Ce trophée en argent est habituellement remis par un membre du gouvernement japonais, mais il arrive que le Premier ministre monte lui-même sur le dohyo pour le remettre.
En 2019, le président américain Donald Trump, en visite au Japon, avait présenté la coupe au vainqueur.
L'accession aux responsabilités de Mme Takaichi, devenue en octobre la première femme Premier ministre du Japon, interroge sur l'avenir de cette tradition.
- Y a-t-il des précédents?
Le sumo amateur compte bien des catégories féminines mais le sumo professionnel, pratiqué uniquement au Japon, est réservé aux lutteurs masculins.
En 1990, Mayumi Moriyama, première femme - et la seule à ce jour - à occuper le poste de secrétaire général du gouvernement nippon, a émis le souhait de remettre la coupe, mais a essuyé un refus de la part de l'Association japonaise de sumo (AJS).
Dix ans plus tard, la gouverneure d'Osaka, Fusae Ota, s'est également vu opposer un refus.
En 2018, lors d'une tournée régionale des lutteurs de sumo, le maire d'une ville a perdu connaissance alors qu'il prononçait un discours sur le dohyo. Deux femmes présentes sur place se sont précipitées sur le monticule d'argile pour lui porter secours mais un responsable leur a intimé l'ordre d'en redescendre.
L'AJS a plus tard présenté ses excuses pour cette "réponse inappropriée dans une situation de vie ou de mort".
Quelques jours plus tard, une femme maire d'une autre ville étape de la tournée a dû prononcer son discours sur une petite estrade distincte du dohyo.
- Qui est Sanae Takaichi?
La Première ministre japonaise est une personnalité aux positions nationalistes qui se rend régulièrement au sanctuaire shinto de Yasukuni, considéré comme un symbole du passé militariste du Japon.
Conservatrice sur les sujets de société, elle s'oppose notamment à la révision d'une loi du XIXe siècle qui exige des couples mariés qu'ils partagent le même nom de famille, généralement celui de l'homme.
Elle soutient une succession impériale réservée aux hommes, et n'a nommé que deux femmes à son gouvernement, malgré sa promesse d'un équilibre entre les genres "à la scandinave".
- Les choses vont-elles changer?
Jusqu'à présent, Mme Takaichi ne s'est pas exprimée sur la remise du trophée de sumo.
Et le secrétaire général du gouvernement nippon Minoru Kihara, interrogé cette semaine sur les intentions de la dirigeante à cet égard, a répondu qu'aucune décision n'avait été prise.
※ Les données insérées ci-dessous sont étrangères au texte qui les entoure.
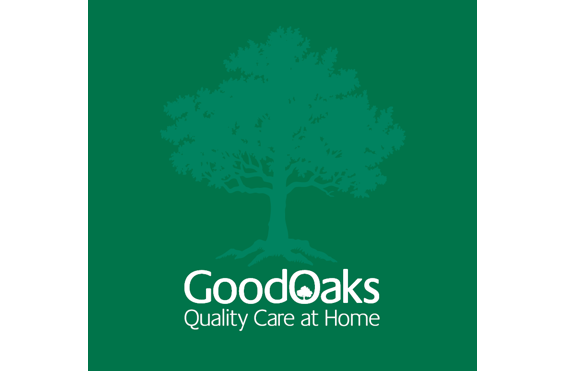 GoodOaks Homecare – Maidenhead and Windsor - A company logo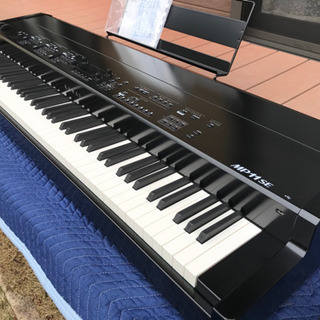 カワイ　MP11se 2021年製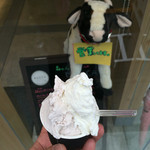 森のジェラテリア MUCCA - 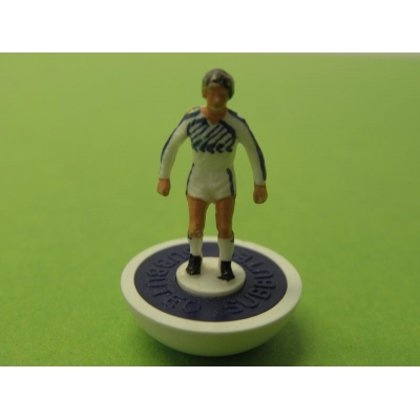629 - LW Spare : TOTTENHAM HOTSPUR Ref. 629 (CJ)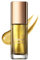 NAOLVE Körper Highlighter Öl, Schimmerndes Körperöl, Schimmernde Körperlotion, Body Glow Oil, Body Luminizer Schimmeröl, Körper Glow Illuminator, Body Shimmer Oil,für Gesicht Körper (Gold)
"La Première ministre Takaichi souhaite préserver les traditions de la culture du sumo", a-t-il ajouté.
L'AJS est également restée discrète sur cette question, se bornant à déclarer qu'elle considérait de son "devoir de préserver la culture traditionnelle du sumo".
Le tournoi de sumo actuellement en cours à Fukuoka, dans le sud-ouest du pays, doit se terminer le 23 novembre.